(Your task)
Output the entire listing without altering anything.

== Data extract

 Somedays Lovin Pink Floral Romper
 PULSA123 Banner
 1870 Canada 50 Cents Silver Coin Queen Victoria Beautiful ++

====

(Task output)
 Somedays Lovin Pink Floral Romper
 PULSA123 Banner
 1870 Canada 50 Cents Silver Coin Queen Victoria Beautiful ++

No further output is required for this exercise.